> **Required action**: Every line of the material must be given again verbatim. Skip the images.

> **Entries supplied**:
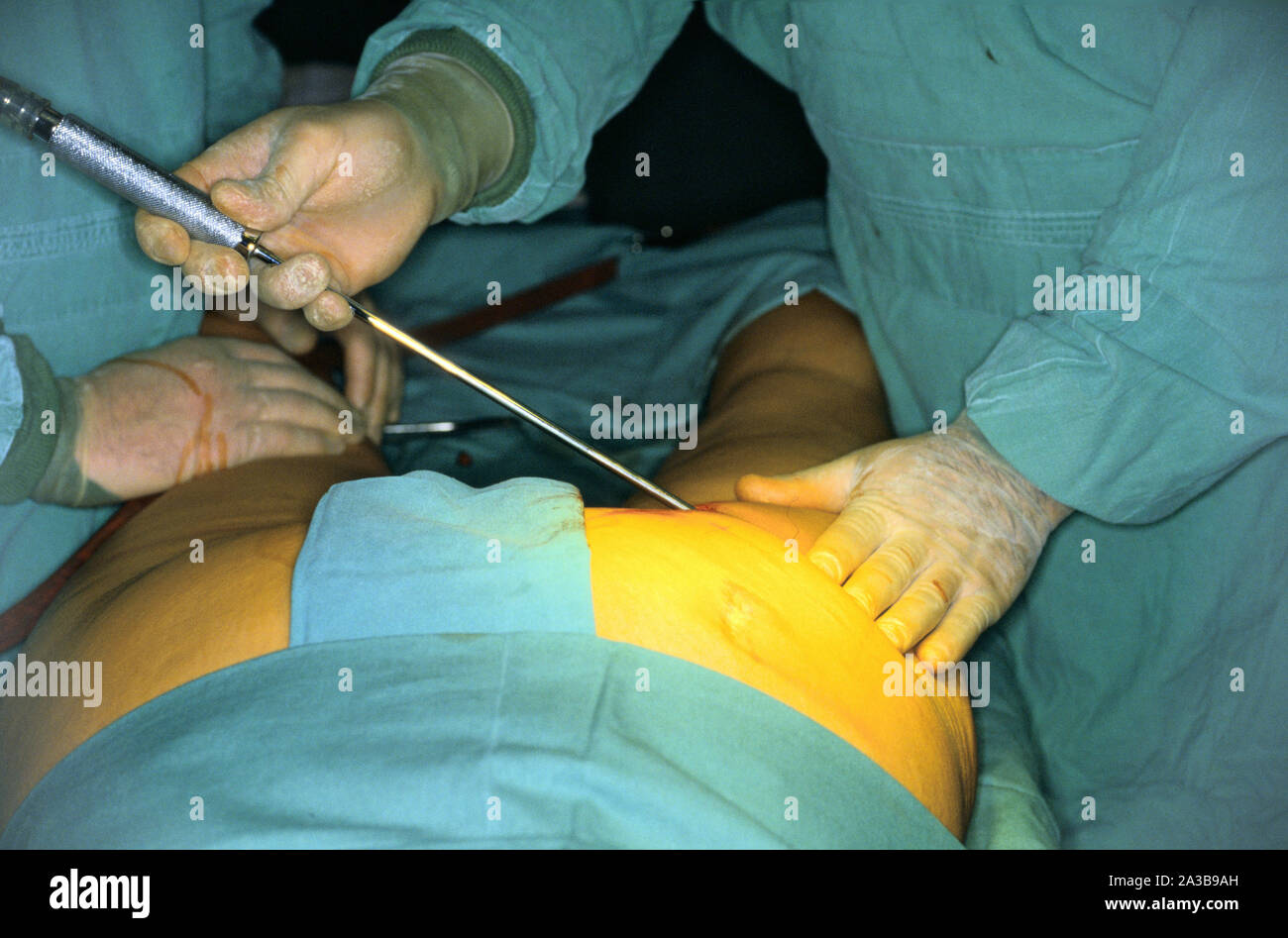 medicine, cosmetic surgery, liposuction Stock Photo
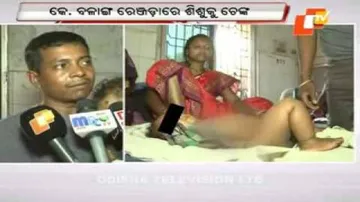 8-month-old branded with hot iron; hospitalised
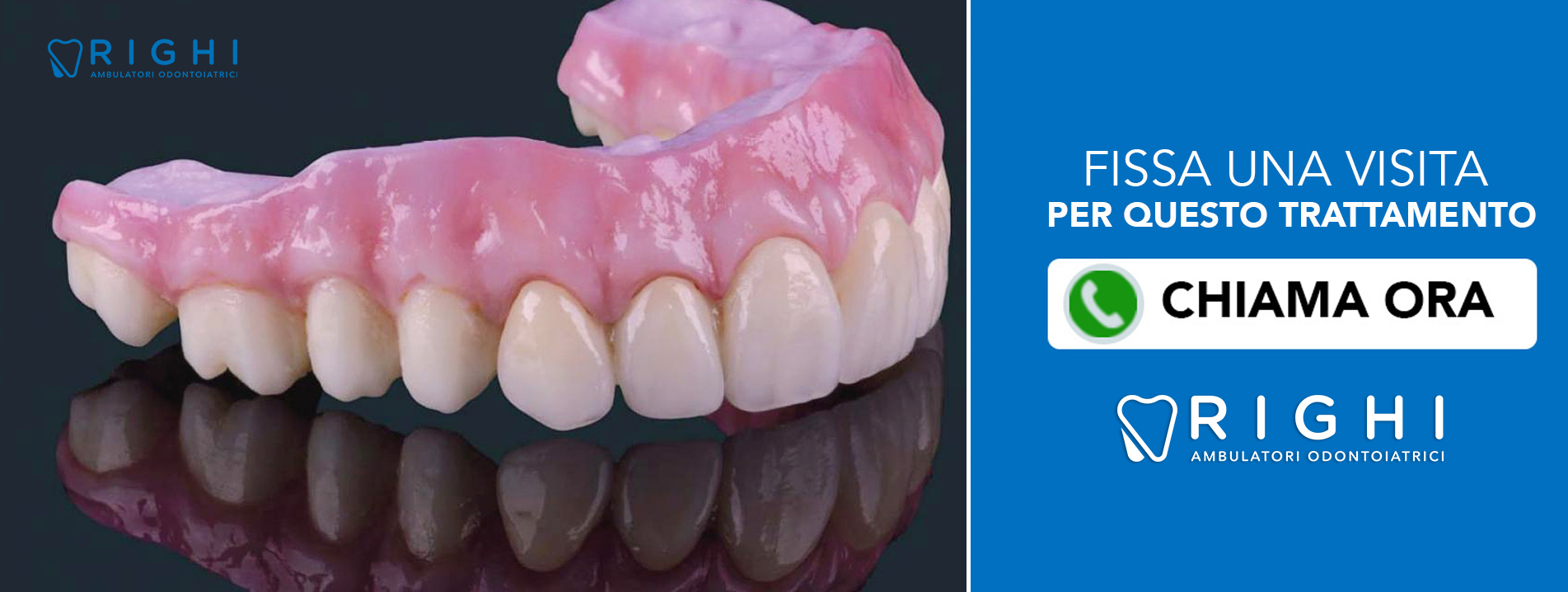 protesi-mobile-fissa-dentista-Rivalta (Reggio Emilia)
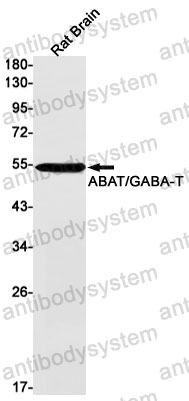 Anti-ABAT Antibody (R2B41)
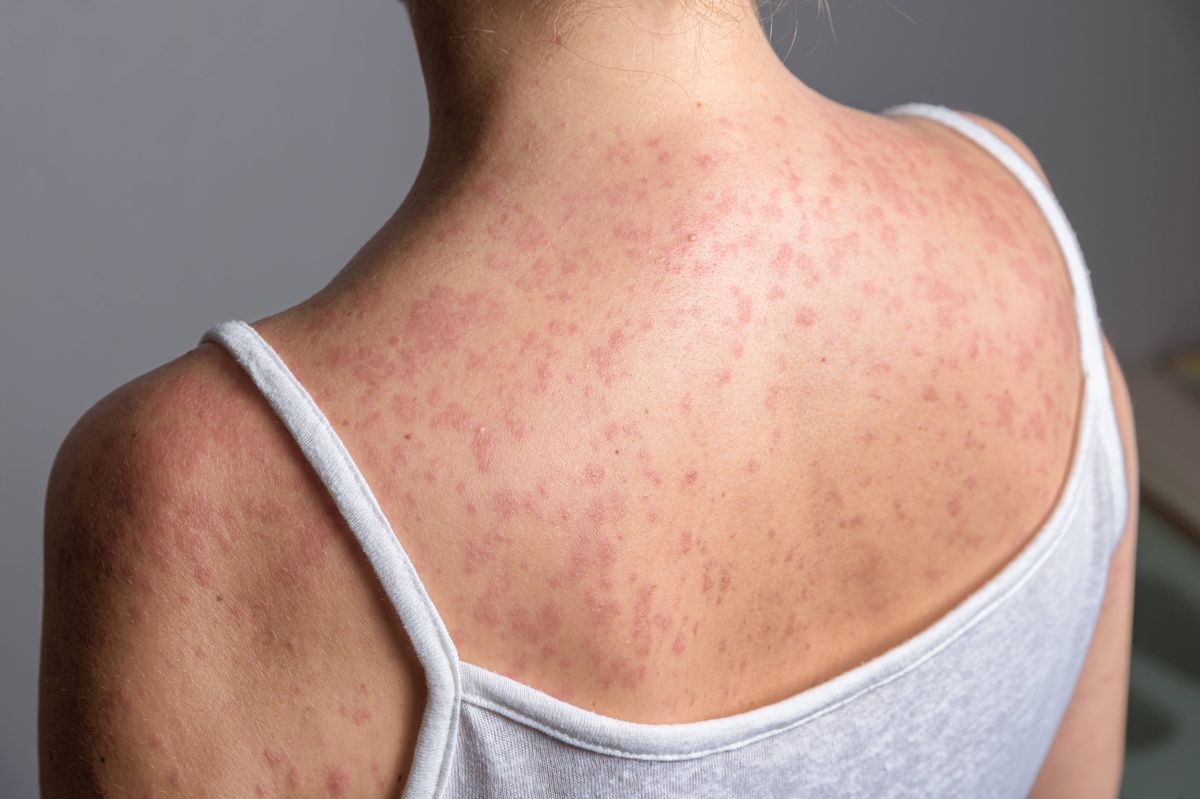 A woman with a red, spotty rash on her upper back and shoulders caused by measles.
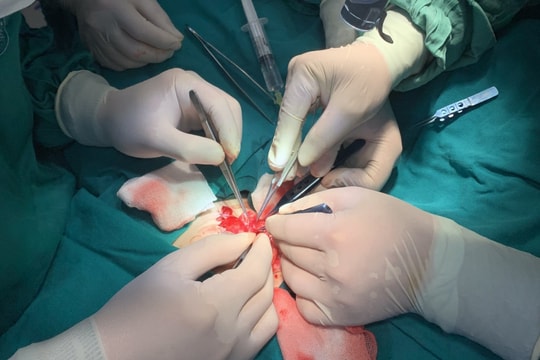 Nối thành công dương vật đứt rời cho bé trai 9 tuổi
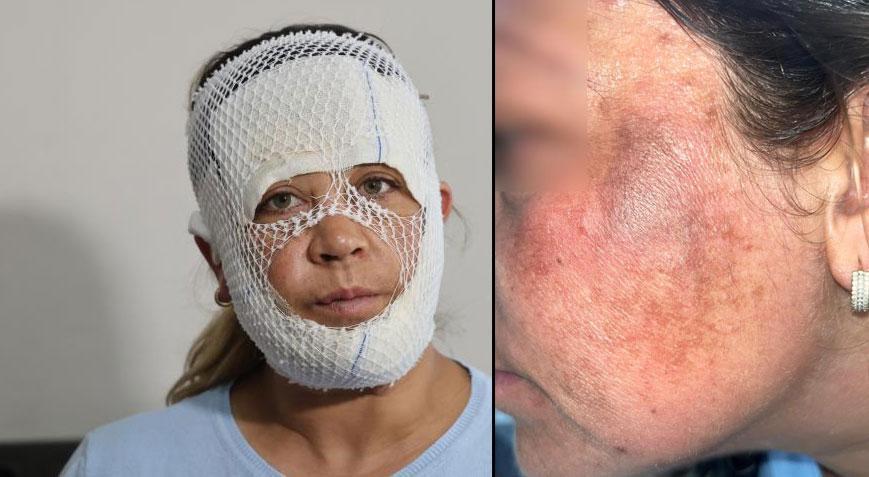 7 bin liralık ‘Prenses cilt bakımı’ kabusu: Oğlum beni görünce 'öcü' diyerek kaçtı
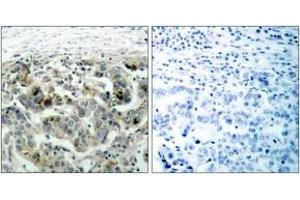Immunohistochemistry analysis of paraffin-embedded human breast carcinoma tissue, using NF-kappaB p105/p50 (Ab-907) Antibody.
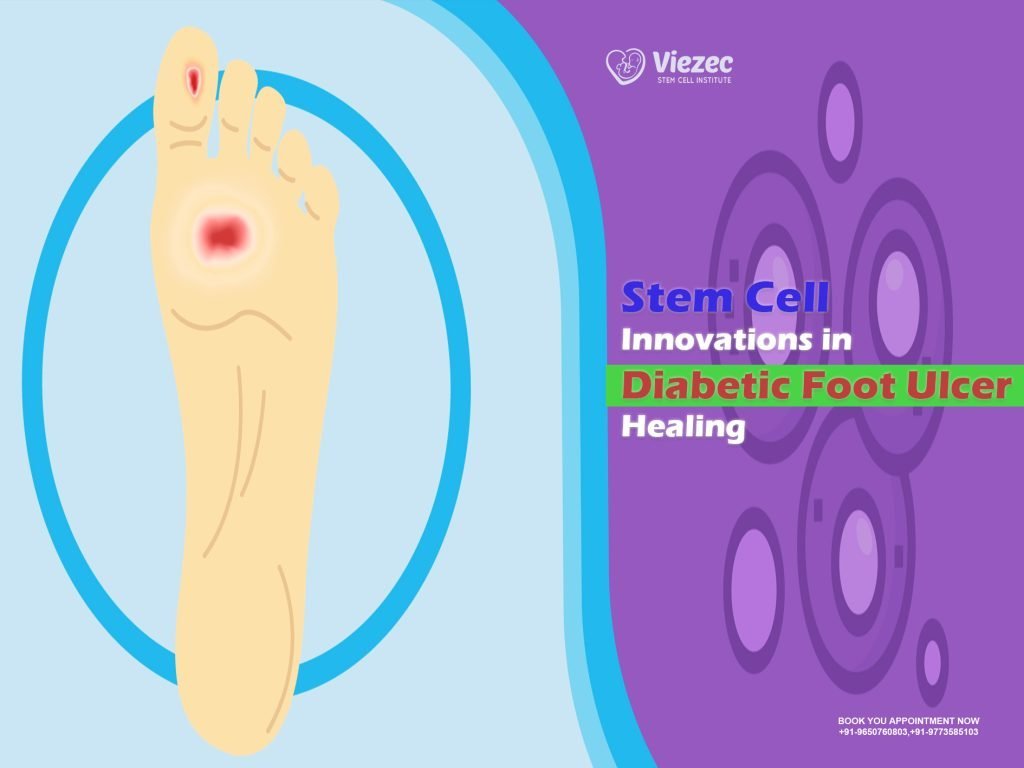 Stem Cell Innovations in Diabetic Foot Ulcer Healing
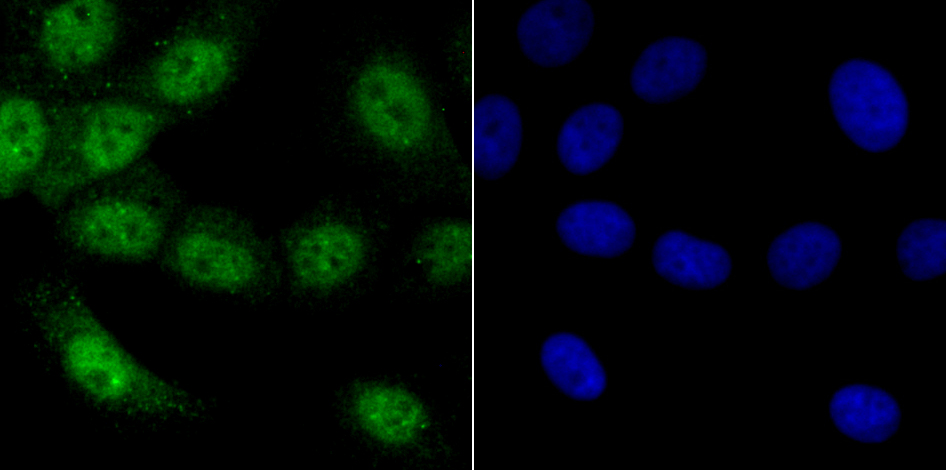 Vitamin D3 Receptor Antibody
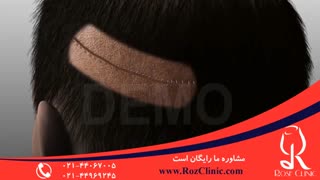 کاشت مو | فیلم کاشت مو | کلینیک پوست و مو رز | شماره 24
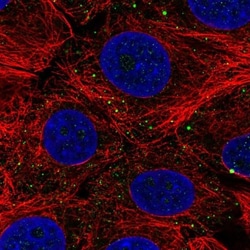 C7orf61 Antibody, Novus Biologicals 0.1mL; Unlabeled:Antibodies, Polyclonal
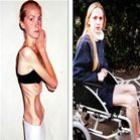 _britanica_consegue_se_recuperar_de_anorexia_nervosa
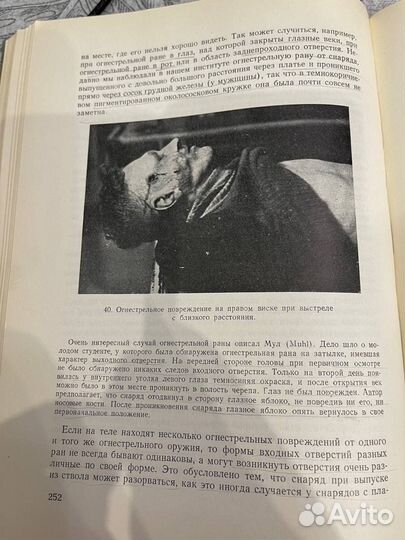 Медицинская криминалистика 1959 г. Э. Кноблох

> **Your solution**:
 medicine, cosmetic surgery, liposuction Stock Photo
 8-month-old branded with hot iron; hospitalised
 protesi-mobile-fissa-dentista-Rivalta (Reggio Emilia)
 Anti-ABAT Antibody (R2B41)
 A woman with a red, spotty rash on her upper back and shoulders caused by measles.
 Nối thành công dương vật đứt rời cho bé trai 9 tuổi
 7 bin liralık ‘Prenses cilt bakımı’ kabusu: Oğlum beni görünce 'öcü' diyerek kaçtı
Immunohistochemistry analysis of paraffin-embedded human breast carcinoma tissue, using NF-kappaB p105/p50 (Ab-907) Antibody.
 Stem Cell Innovations in Diabetic Foot Ulcer Healing
 Vitamin D3 Receptor Antibody
 کاشت مو | فیلم کاشت مو | کلینیک پوست و مو رز | شماره 24
 C7orf61 Antibody, Novus Biologicals 0.1mL; Unlabeled:Antibodies, Polyclonal
 _britanica_consegue_se_recuperar_de_anorexia_nervosa
 Медицинская криминалистика 1959 г. Э. Кноблох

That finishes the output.